All this points to an origin for Indo-European in Neolithic Anatolia, but you are probably correct that the Aryans (Indo-Iranians, not blonde Germanic supermen) came into Iran and India via Central Asia. Most likely route being a clockwise migration around the Caspian Sea…

Excellent commentary, fascinating stuff.

I actually agree with an Anatolian homeland for PIE, however, I also agree with a secondary spread from the Lower Volga. So things are complicated. In fact, I argue that Indo-European is actually Indo-Hittite, with Anatolian being so far removed from the rest that it is actually a sister to the rest of the family. Just a look at Hittite shows you how archaic it is compared to the rest of the family.

The part about the Turks, Greeks, Albanians, Armenians, and at least some Italians being the remnants of the original IE people is probably true. So, in a sense, these are really the “original Whites.” Put that in your pipe and smoke it, Nordicists.

Gimbutas’ theory has always ween a bit nutty. There were no ancient matriarchies. As a female friend once said, men have always ruled. Why? She answered, “Men are bigger, men are stronger, men push women around and make them do what they want them to do.” Well, of course, and women are too weak to fight back.

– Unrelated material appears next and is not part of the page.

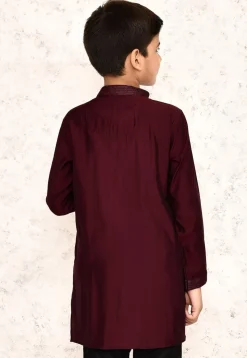 Embroidered Collar Lycra Kurta in Maroon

As it is now, as it’s always been. In gender relations, it’s the law of the jungle. I also feel that matriarchies might have been inherently unstable, as I’m not sure that “female rule” works very well. We are having enough problems with what matriarchy we have in the West.

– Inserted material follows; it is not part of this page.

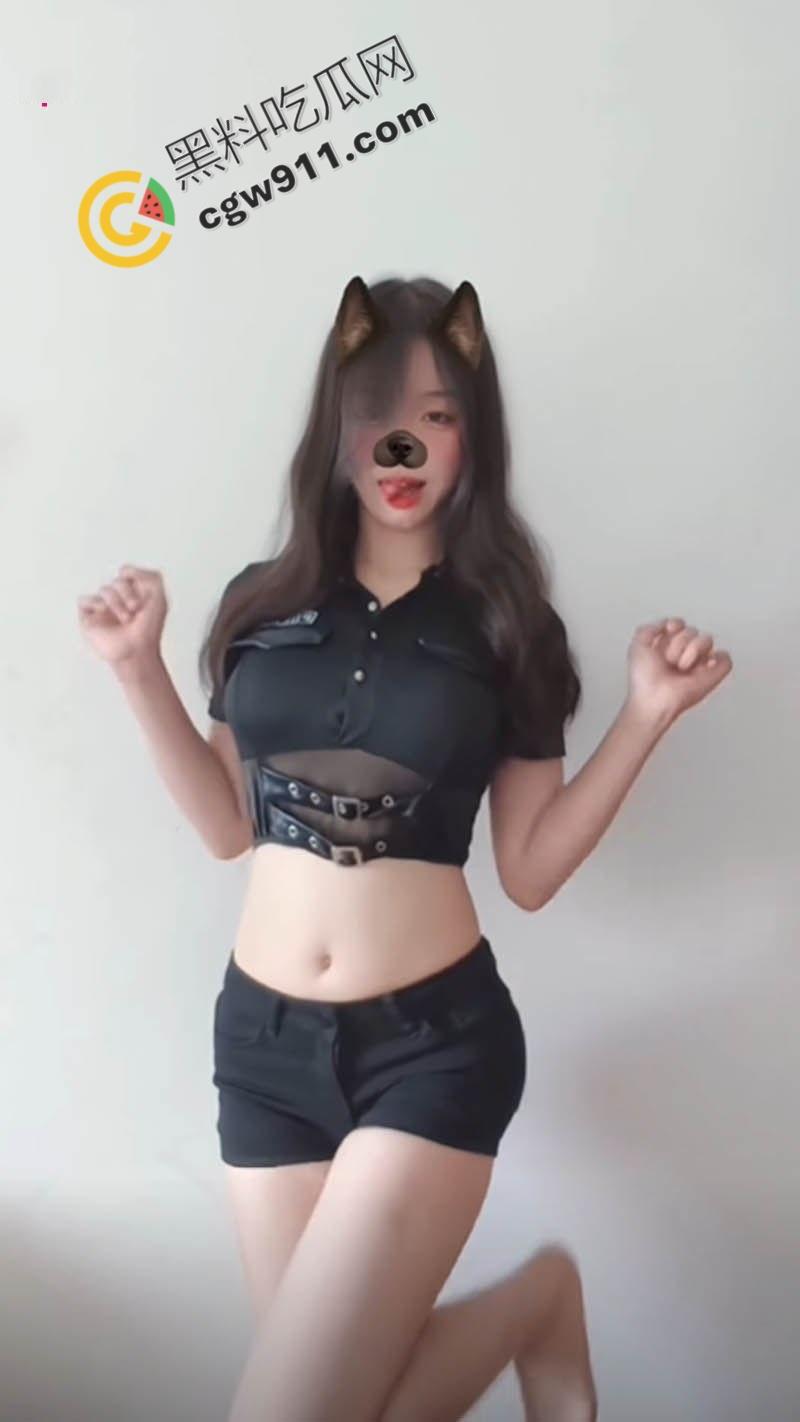 抖音极品网红【U芋源】与榜一大哥裸聊视频流出!狂野自慰,雪白大奶勾魂夺魄,道具深插呻吟不断! 第2张 抖音极品网红【U芋源】与榜一大哥裸聊视频流出!狂野自慰,雪白大奶勾魂夺魄,道具深插呻吟不断! 第2张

Patriarchy or male rule is sort of a bad deal for women, but at least it seems to “work.” And I have noticed that women from patriarchal cultures seem to be happiest in their femininity and in general. The men are masculine, the women are feminine, and everyone’s happy.

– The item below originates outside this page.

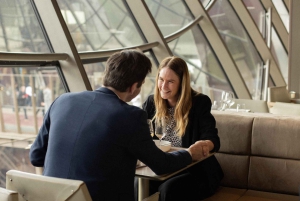 París: Cena romántica de San Valentín en la Torre Eiffel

The more women rule, the more miserable women seem to be, and men never seem to be happy under female rule. For one thing, oddly enough, female rule tends to make women act masculine and men act feminine.

Neither is a normal role model, and I argue that the more masculine a woman is, the more unhappy she is, and the more feminine a man is, the more unhappy he is. That ‘s possibly because they are violating nature itself. When you do that, nature fights back, possibly by making you miserable.

Surely IE is related to Afro-Asiatic and Kartvelian, but I disagree that it is less related to Uralic or Altaic, and I also disagree that Uralic and Altaic represent some family. Ligurian and Pelasgian are probably IE, but no one knows what Etruscan is.

I definitely agree that almost all Europeans are quite close to Persians, Kurds, Caucasus folks, Jews, Turks, and some Semitic-speaking Levantines. It is interesting how close the Caucasians are to each other. Most Caucasians are much closer to each other than other major races are. There is much larger differentiation among NE and SE Asians, Aborigines, Papuans and for sure Africans than there is among Caucasians.

All around, a great comment. The rest of you may feel free to chime in if you have any thoughts or anything to add.